A British-Iranian anthropologist sentenced in November to more than nine years in prison in Iran fled the country to the UK and now lives in London.
Kameel Ahmady, accused of conspiring with “a hostile state power”, spent 100 days in Tehran’s notorious Evin jail, where he was subject to interrogation and a period of solitary confinement. He was out on bail while he appealed against his sentence.
Mr Ahmady was researching female genital mutilation in Iran, a deeply sensitive topic in the country, and called for the age of child marriage to be raised. He said he left Iran “out of despair”.
"Once I had been sentenced I had a choice of whether I would stay and not see my family and four-year-old child until he was 14, or to risk fleeing," Mr Ahmady told The Guardian.
He smuggled himself over Iran’s snowy and foggy mountain border, believing that his case was politically motivated and he had little chance of a successful appeal – which was rejected in his absence on Monday.
“I am Kurdish by ethnicity and I know some of the routes, but it was very dangerous. I had to try several times,” Mr Ahmady said.
His arrest in the summer of 2019 came at a time of heightened tensions between Iran and the UK after British marines helped seize an Iranian vessel off Gibraltar that was suspected of breaching EU sanctions by sending oil to Syria.
“By the first week of the interrogation, the British ship was released, but I had no access to the media. I was in solitary confinement. So the only source of information I had was the interrogators.
"And one day, this guy just came and he was so happy. He said, ‘Thank you. Thank you very much. We got our ship back. And I think you made a difference here. So thank you for this, but we still really have a long way to go with you.’
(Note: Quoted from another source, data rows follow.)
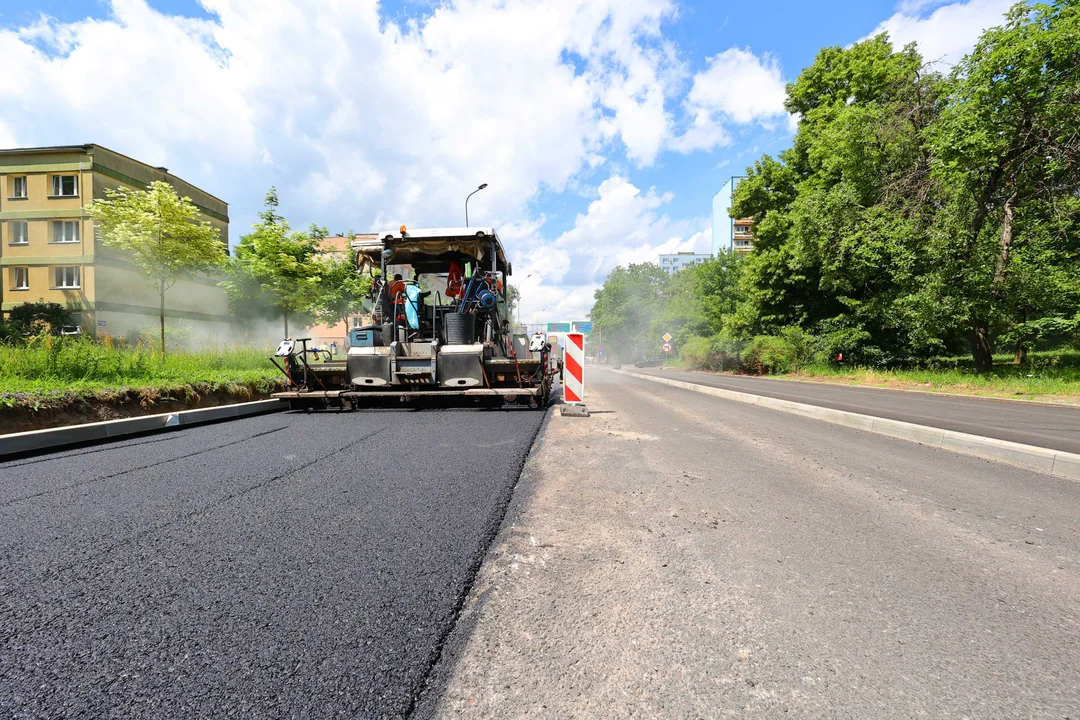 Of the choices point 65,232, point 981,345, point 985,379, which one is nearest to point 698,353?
point 981,345

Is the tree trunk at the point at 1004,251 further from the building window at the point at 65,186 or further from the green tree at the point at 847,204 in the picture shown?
the building window at the point at 65,186

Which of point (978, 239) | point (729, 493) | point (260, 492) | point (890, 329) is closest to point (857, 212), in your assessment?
point (978, 239)

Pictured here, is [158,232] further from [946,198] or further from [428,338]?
[946,198]

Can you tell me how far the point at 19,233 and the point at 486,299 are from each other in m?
33.7

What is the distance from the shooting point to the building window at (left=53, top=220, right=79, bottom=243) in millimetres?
25703

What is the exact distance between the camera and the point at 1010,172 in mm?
14531

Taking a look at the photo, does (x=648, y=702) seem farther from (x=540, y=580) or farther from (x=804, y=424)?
(x=804, y=424)

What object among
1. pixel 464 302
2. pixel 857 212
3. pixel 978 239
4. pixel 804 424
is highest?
pixel 857 212

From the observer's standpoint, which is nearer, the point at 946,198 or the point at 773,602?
the point at 773,602

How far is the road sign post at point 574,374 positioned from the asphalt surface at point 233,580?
140 inches

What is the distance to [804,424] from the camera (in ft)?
25.2

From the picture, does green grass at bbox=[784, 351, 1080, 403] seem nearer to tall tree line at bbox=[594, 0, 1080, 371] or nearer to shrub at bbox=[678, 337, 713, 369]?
tall tree line at bbox=[594, 0, 1080, 371]

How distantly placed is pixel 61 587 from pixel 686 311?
1917 inches

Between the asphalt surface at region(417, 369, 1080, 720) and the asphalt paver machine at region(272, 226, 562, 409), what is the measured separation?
4379 mm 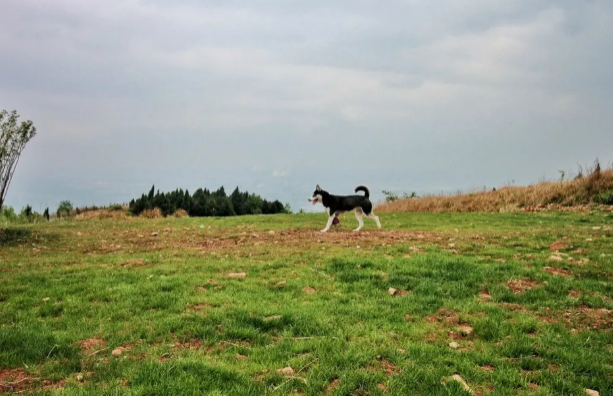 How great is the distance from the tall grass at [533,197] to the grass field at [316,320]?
46.9 ft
“And I said, ‘So what’s that got to do with me?’ He said, ‘Wow, come on. You are British, you are worth a lot. Britain is the cradle of human rights so of course you are worth a lot to them'.”
He described the harsh conditions he had faced during a period of his detention when he was isolated from the outside world.
“There is no natural light, and a window in the prison door opens through which they put your food. That is your only communication with the outside world. It is incredibly quiet, and you just become crazy. You don’t know what time it is, and you don’t know what will happen next,” he said.
“When you are taken out to go to the toilet, or half an hour’s fresh air or to be interrogated, you are blindfolded. And then your interrogation becomes your lifeline, it’s so sad that you want to be interrogated more because that is the only way you can communicate with a fellow human being.
“They were trying very hard to portray me as someone sent off to Iran by the British, recruited by foreign powers to try to influence certain people in the government.”
Mr Ahmady is one of many dual citizens detained by Iran on charges that campaigners and governments say are politically motivated and unfounded.